** Data **
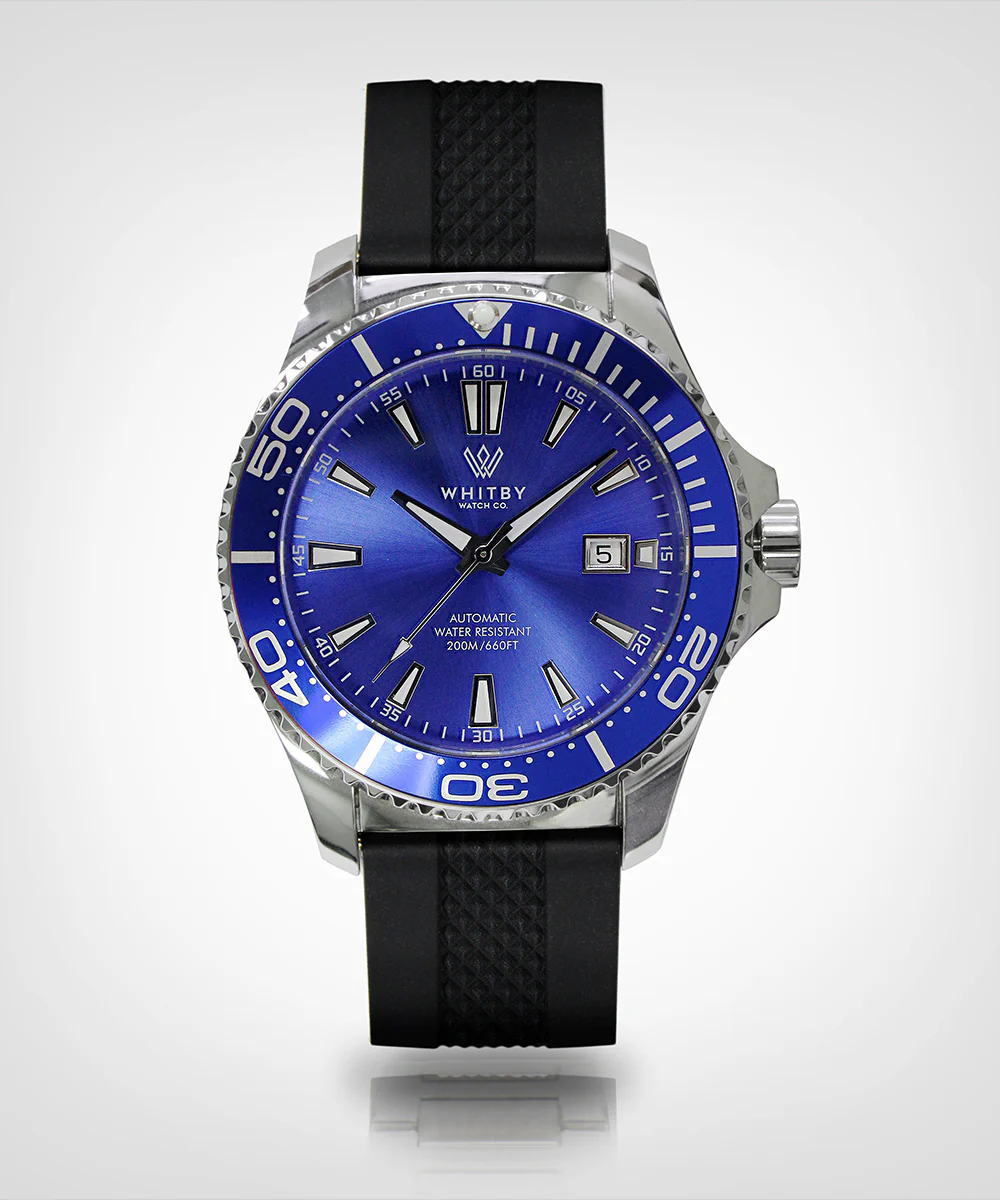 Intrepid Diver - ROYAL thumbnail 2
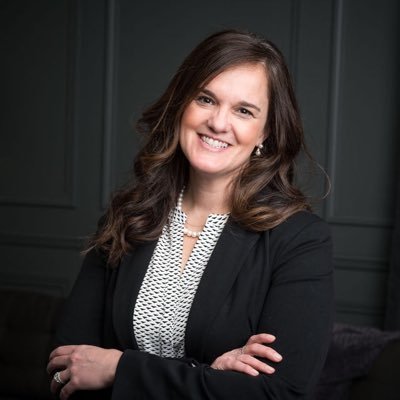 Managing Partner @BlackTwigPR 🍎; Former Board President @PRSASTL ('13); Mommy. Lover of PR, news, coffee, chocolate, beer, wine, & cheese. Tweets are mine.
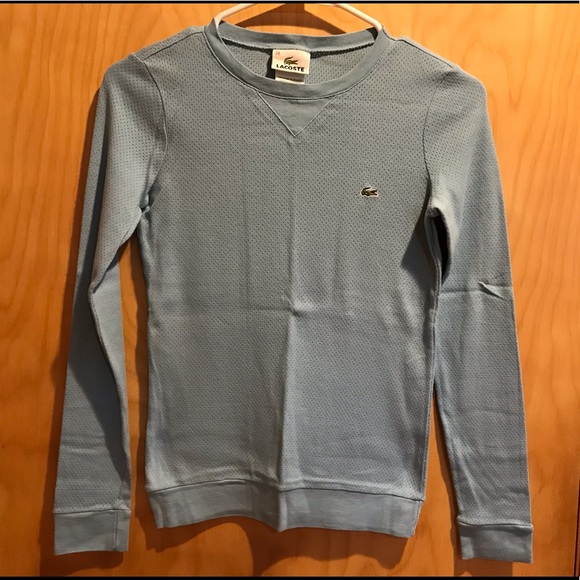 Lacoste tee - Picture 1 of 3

** What you will do **
Pictures must be left out. Return verbatim only the lines from the line with "Managing Partner @BlackTwigPR" through the final line of the material above, including both ends.

** Result **
 Managing Partner @BlackTwigPR 🍎; Former Board President @PRSASTL ('13); Mommy. Lover of PR, news, coffee, chocolate, beer, wine, & cheese. Tweets are mine.
 Lacoste tee - Picture 1 of 3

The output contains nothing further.